PROBLEM DETAILS. Find "3525 Herrling Street", then copy its line and every later line of the entries exactly through the end, leaving all pictures out.

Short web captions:
+---+
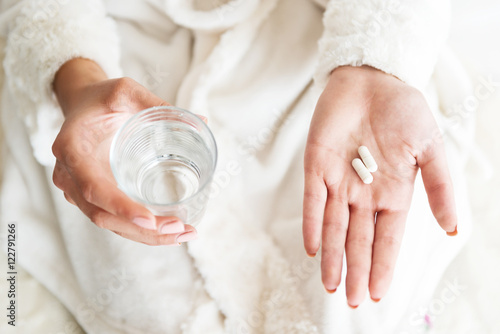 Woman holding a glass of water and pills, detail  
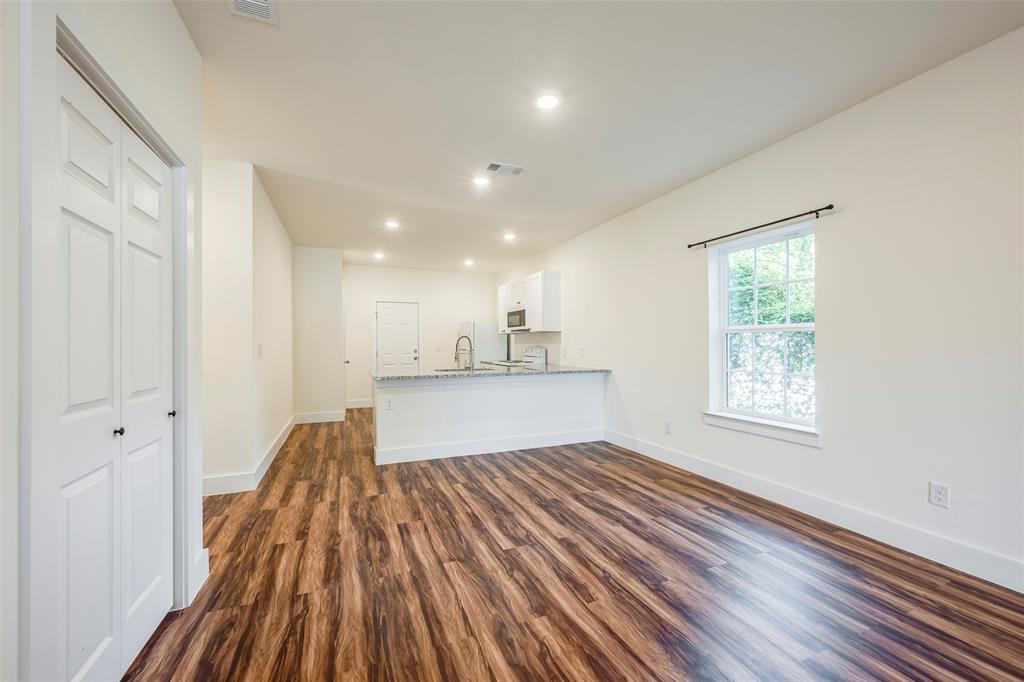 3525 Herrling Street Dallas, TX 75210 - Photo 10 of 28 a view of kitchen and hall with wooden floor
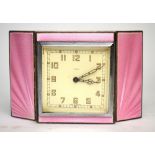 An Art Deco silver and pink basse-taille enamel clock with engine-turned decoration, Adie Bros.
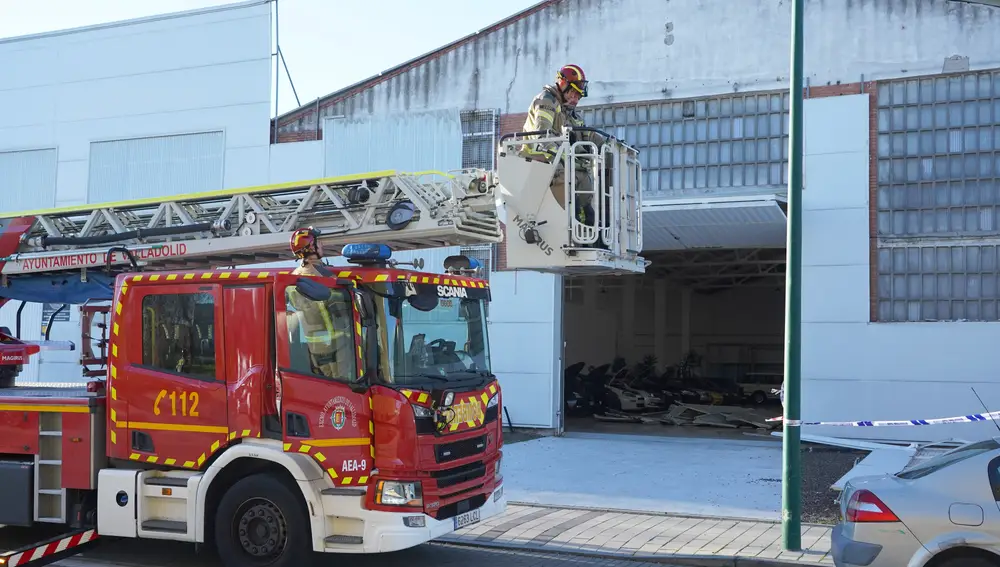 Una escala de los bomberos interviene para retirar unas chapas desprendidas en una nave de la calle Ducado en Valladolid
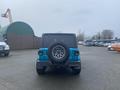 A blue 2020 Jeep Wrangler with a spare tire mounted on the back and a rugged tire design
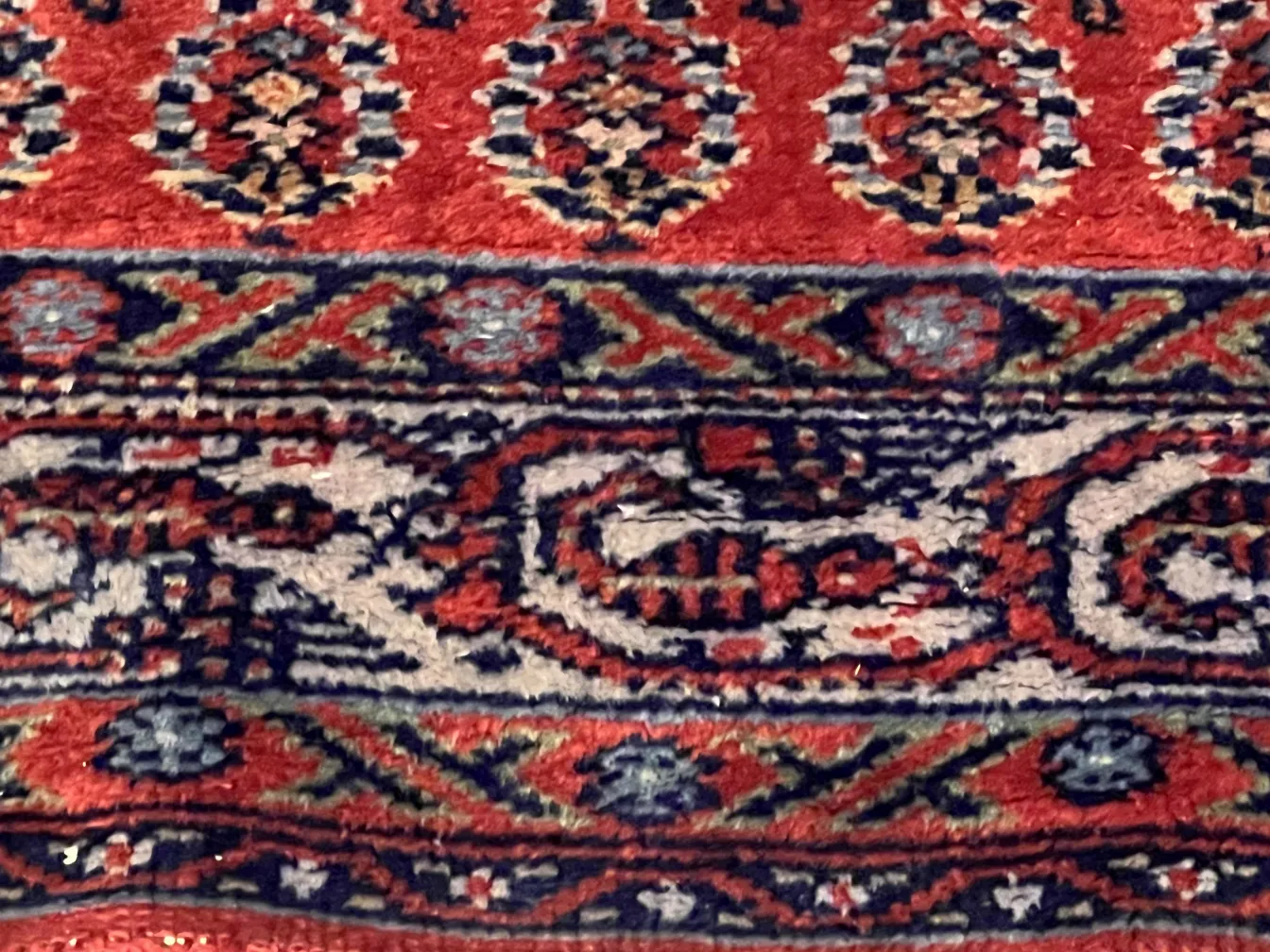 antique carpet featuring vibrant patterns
+---+
TASK OUTPUT.
 3525 Herrling Street Dallas, TX 75210 - Photo 10 of 28 a view of kitchen and hall with wooden floor
 An Art Deco silver and pink basse-taille enamel clock with engine-turned decoration, Adie Bros.
 Una escala de los bomberos interviene para retirar unas chapas desprendidas en una nave de la calle Ducado en Valladolid
 A blue 2020 Jeep Wrangler with a spare tire mounted on the back and a rugged tire design
 antique carpet featuring vibrant patterns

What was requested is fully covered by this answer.